ASSIGNMENT
In the material below, find every line with "What" and pull it out.

PROVIDED INFORMATION
------------------------

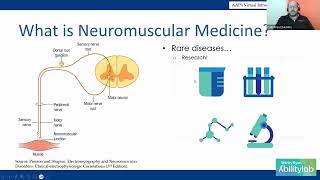 Virtual Intro to PMampR and Neuromuscular amp Electrodiagnostic Medicine [upl. by Ahsiek]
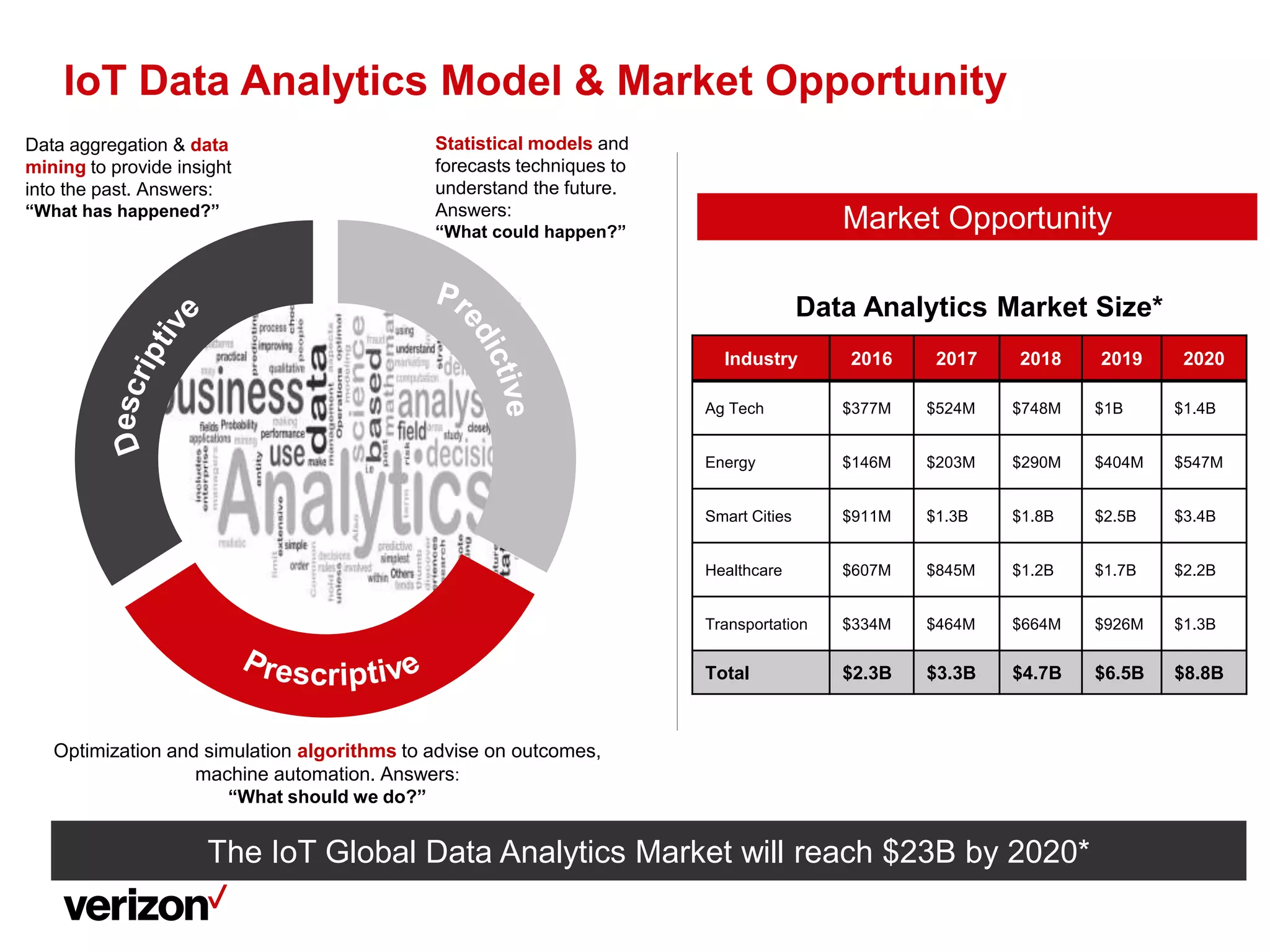 IoT Data Analytics Model & Market Opportunity
Statistical models and
forecasts techniques to
understand the future.
Answers:
“What could happen?”
Optimization and simulation algorithms to advise on outcomes,
machine automation. Answers:
“What should we do?”
Data aggregation & data
mining to provide insight
into the past. Answers:
“What has happened?”
Market Opportunity
The IoT Global Data Analytics Market will reach $23B by 2020*
Data Analytics Market Size*
Industry 2016 2017 2018 2019 2020
Ag Tech $377M $524M $748M $1B $1.4B
Energy $146M $203M $290M $404M $547M
Smart Cities $911M $1.3B $1.8B $2.5B $3.4B
Healthcare $607M $845M $1.2B $1.7B $2.2B
Transportation $334M $464M $664M $926M $1.3B
Total $2.3B $3.3B $4.7B $6.5B $8.8B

------------------------

PROBLEM SOLUTION
“What could happen?”
“What should we do?”
“What has happened?”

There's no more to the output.